Agent Compatibility Notes

tmux-scout now prefers Codex's event hook mechanism, which gives near-real-time updates for session start, prompt submission, tool activity, approval waits, and turn completion. This is the same style of lifecycle tracking used by Flux Desktop App.

With the default watchdog path, tmux-scout keeps hooks as the primary state source and adds Flux-style reconciliation: process/pane lifecycle checks, tail-only Codex transcript reads with cached offsets, registry pruning, and periodic full reconcile. It does not repeatedly reread every transcript on the fast path.
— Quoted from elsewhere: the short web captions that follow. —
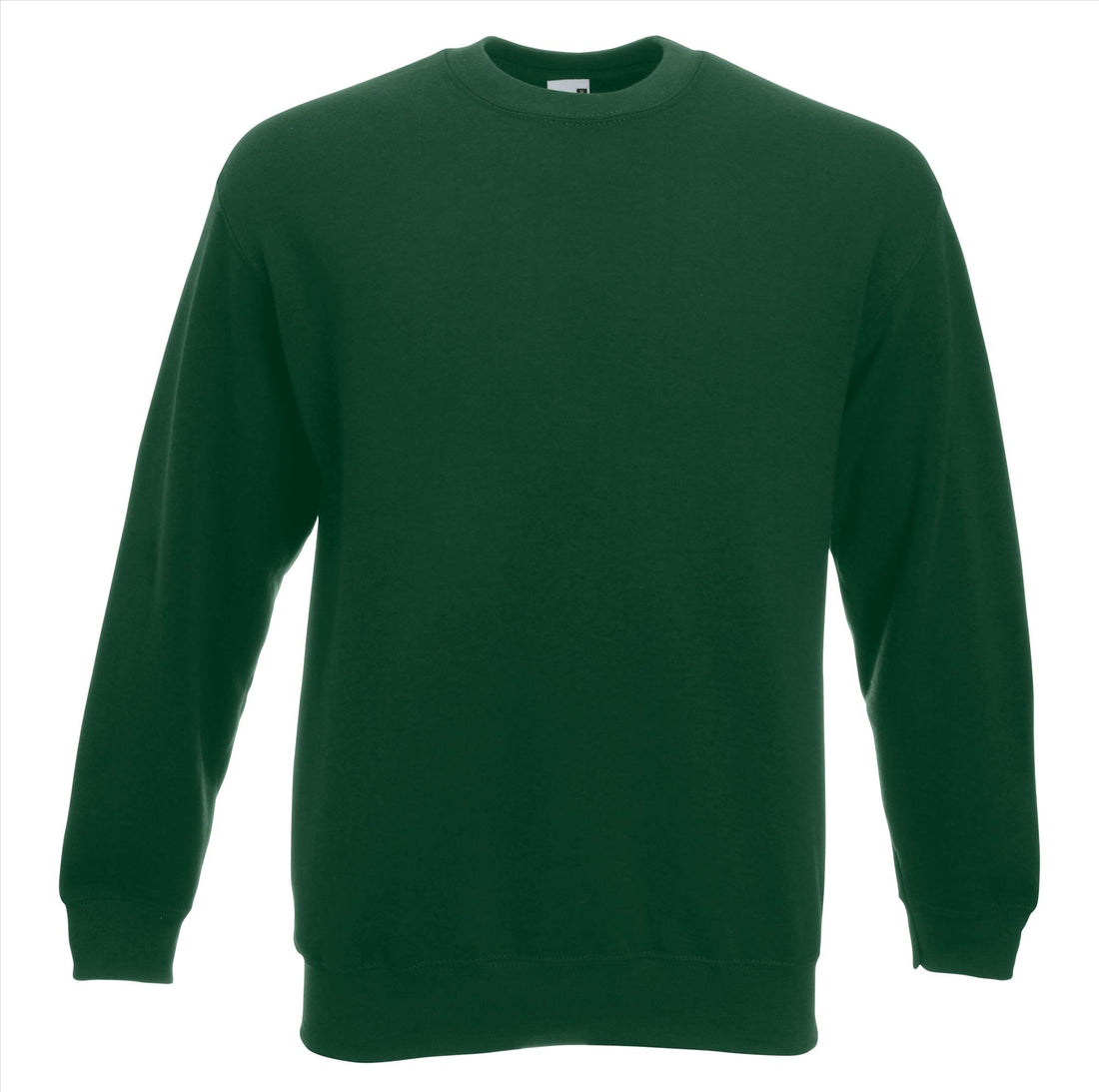 Fruit of the Loom Classic Set-In Sweater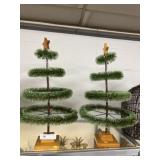 (2) Artificial Trees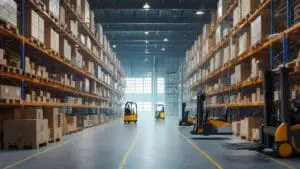 machine learning in supply chain case study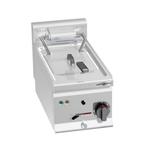 GGM Gastro | Elektrische friteuse - 10 liter - 6 kW |, Verzenden, Nieuw in verpakking, Fornuis, Frituur en Grillen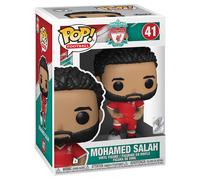Funko POP Football #41 Liverpool FC Mohamed Mo Salah Collectible Figure 52173
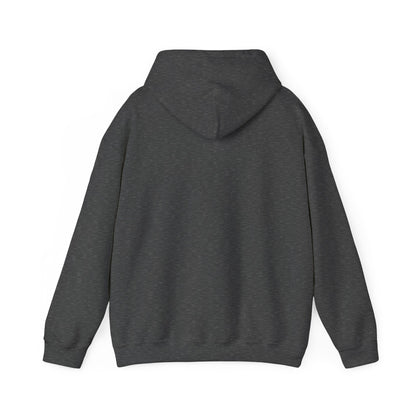 AZSKINZ unisex logo hoodie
Internally, hook, pane, transcript, PID, and stale-timeout observations are reduced through a shared session-state model. Higher-confidence hook/PID events win over lower-confidence pane/transcript observations for short races, while terminal crash/stale events still close dead sessions.
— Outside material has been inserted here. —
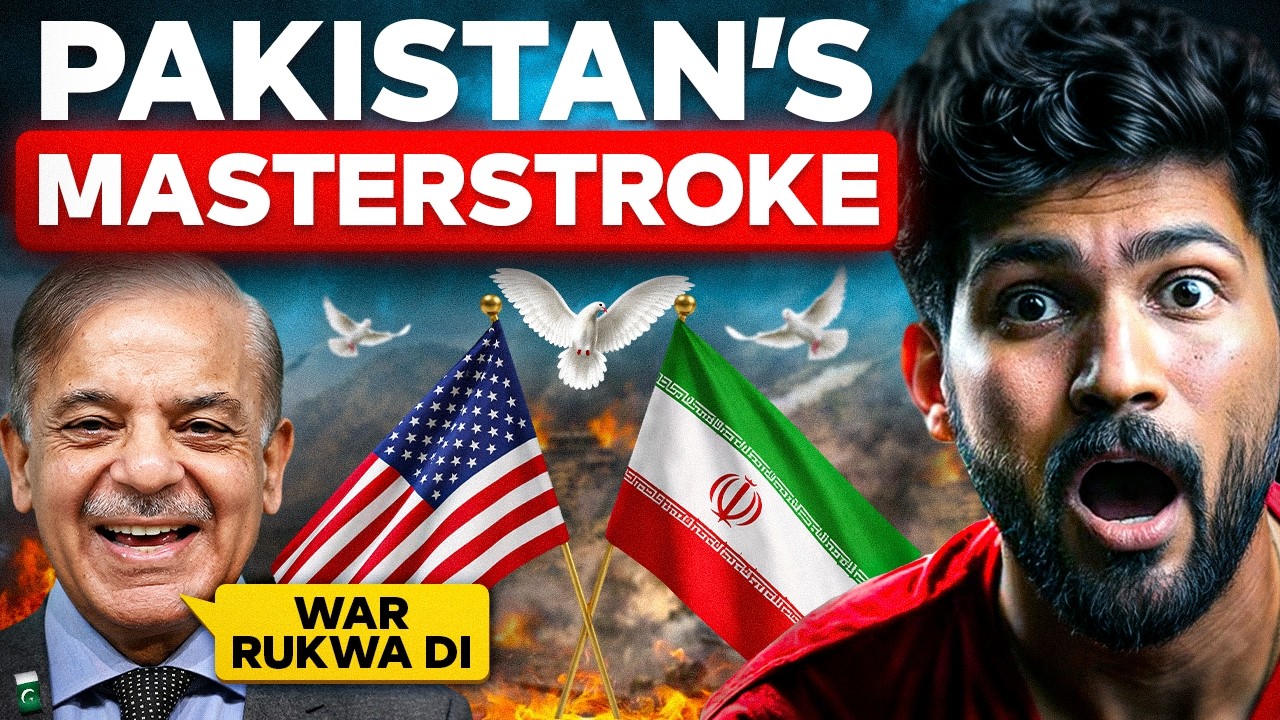 Pakistan's failed CEASEFIRE attempt explained | Abhi and Niyu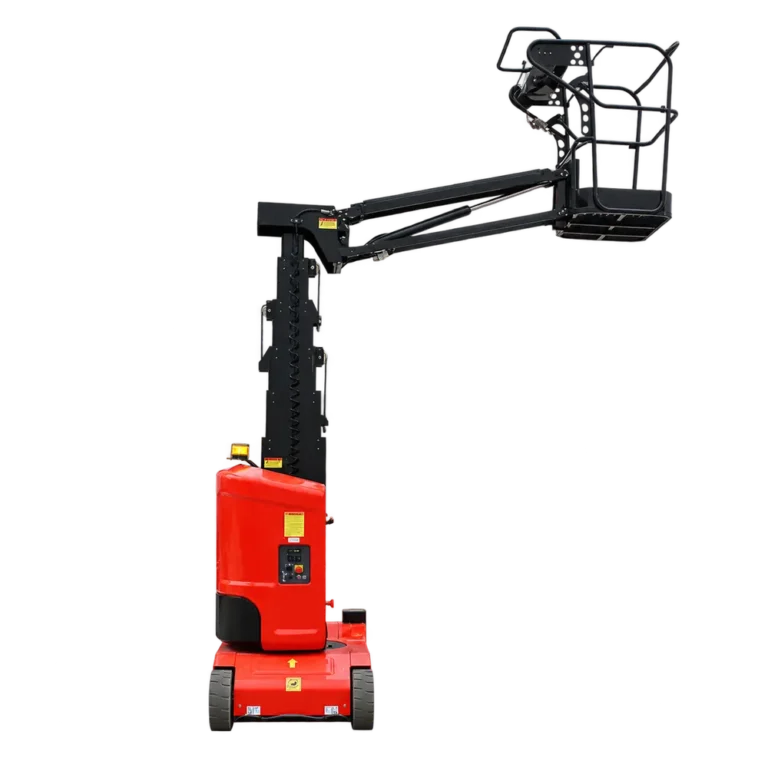 Sleeve-mast platform (Jib)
For older Codex versions that only support notify, tmux-scout still installs and chains the legacy notify hook. In that fallback mode, first-turn discovery may still depend on JSONL polling until Codex emits a completion notification.

Gemini CLI, Kimi CLI, GitHub Copilot CLI, OpenCode, Cursor Agent, Hermes, and Trae CLI are tracked through a generic hook adapter. It maps their hook/plugin events onto the same session lifecycle model, so support quality depends on the payloads those CLIs expose for prompts, tool calls, approvals, questions, subagents, and completion.

Development

Project internals:

npm run check   # Syntax-check project JavaScript files
npm test        # Run focused unit tests
npm run ci      # Run both checks

Flow Fixtures and Debugging

Agent lifecycle regressions can be captured as JSON flow fixtures under tests/fixtures/flow/<agent>/. Each fixture replays real hook entrypoints into an isolated HOME and asserts the final session snapshot, state contract, and expected evidence stream.

Useful debug commands:

node scripts/debug.js list
node scripts/debug.js show <session-id> --plain
node scripts/debug.js evidence <session-id>
node scripts/debug.js inject --session-id debug-wait --agent codex --phase waitingForApproval
node scripts/debug.js replay tests/fixtures/flow/claude/approval.json --show

The same commands are available through scripts/setup.sh debug ... when you want tmux-scout to restore the PATH captured from tmux.